Trilho do Trem é uma observação externa sobre nossas aflições cotidianas, mas que o observador parece estar passando pela mesma coisa.
Enough, junto com b-sides of musicians who committed suicide, acho que são as primeiras músicas com letra em inglês que ela já fez e acabou virando a língua que ela se sente mais à vontade para cantar. As duas parecem complementares, sobre inadequação e não se sentir boa ou bonita o suficiente, enough de uma maneira mais melancólica e b-sides com uma nota mais cômica e um ritmo mais alegre.
Quando vão terminar de construir são paulo ela pegou uma frase de um texto da Gaía e transformou em uma música pensando na gentrificação e no momento ruim que SP passa. É de certa forma uma declaração de amor à cidade, de saber que com tudo o que tem de errado existe uma vontade de continuar aqui para fazer as coisas melhorarem. Essa música quase não entrou no álbum, mas quando ela fez funny blades e dangerous glitter ela voltou a ouvir e achou que valia a pena.

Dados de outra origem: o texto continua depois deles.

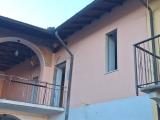Appartamento, ROBECCO SUL NAVIGLIO, 150.000 €, 94,00 mq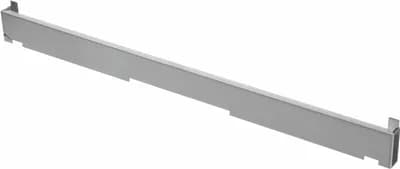 Stainless Steel Filler Strip D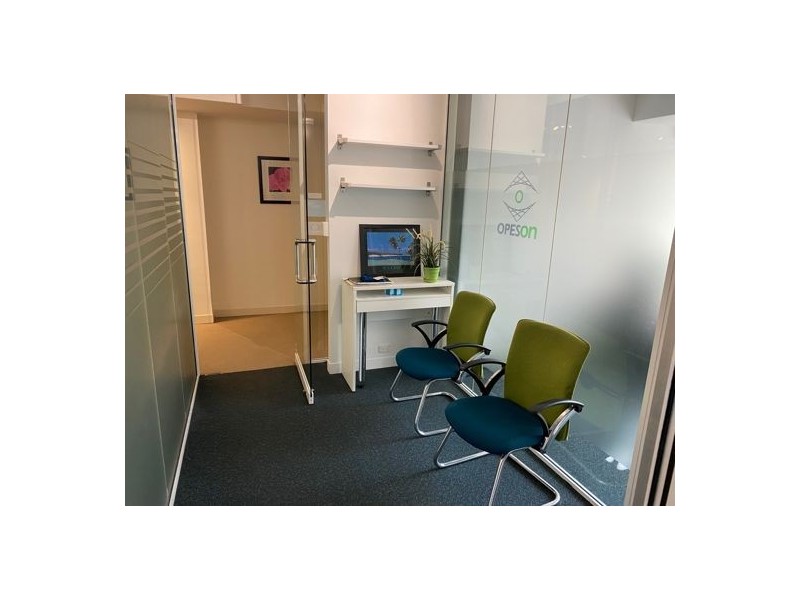 1/47 Havelock Street, West Perth WA 6005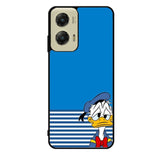 Donald Duck Motorola Moto G Stylus 5G 2024 Case OV11067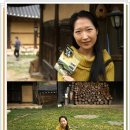 영담한지미술관 이미지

Dangerous glitter é uma coisa meio de repentista que você dá duas palavras e ele sai cantando. Ela viu os livros Dangerous Glitter, do Dave Thompson, e Go to work and do your job. Care for your children. Pay your bills. Obey the law. Buy products, do Noah Cicero, e fez uma música com os títulos.
Funny blades é a que ela mais gostou até agora, talvez por ser a última. Tem a ver com aquele vídeo meio engraçado meio perturbador da Britney dançando com umas facas e o sentimento de ser deixado de fora de alguma coisa.
Mas o que é Schlop? Foi uma alcunha engraçadinha que ela arrumou para o projeto porque não queria usar o próprio nome, algo como Cat Power ou Smog. É como um Ziggy Stardust nascido na Terra para dar a coragem que faltava à Isabella para tocar todas as músicas que ela pensou e concretizou na intimidade do nosso apartamento.
Canções de amor para o fim do mundo está sendo lançado hoje, mas já é o disco que eu mais ouvi no ano e o meu favorito. Se você gosta de Cat Power, Daniel Johnston, Guided by Voices, Yo La Tengo, Brian Jonestown Massacre, Silver Jews e coisas relacionadas a chance de de você se apaixonar é grande. Ouça, compartilhe com os amigos, fale sobre ele nas suas redes sociais. Esse é um projeto absolutamente artesanal. Ela idealizou, gravou e cuidou de todas as burocracias de registro e distribuição sozinha e não tem dinheiro, circuito sertanejo ou pistolão pra colocar ela no programa do Luciano Huck ou da Ana Maria Braga. Pra esse projeto ganhar alguma notoriedade vai ter que ser na base da indicação de quem ouviu e gostou. Espero que você goste.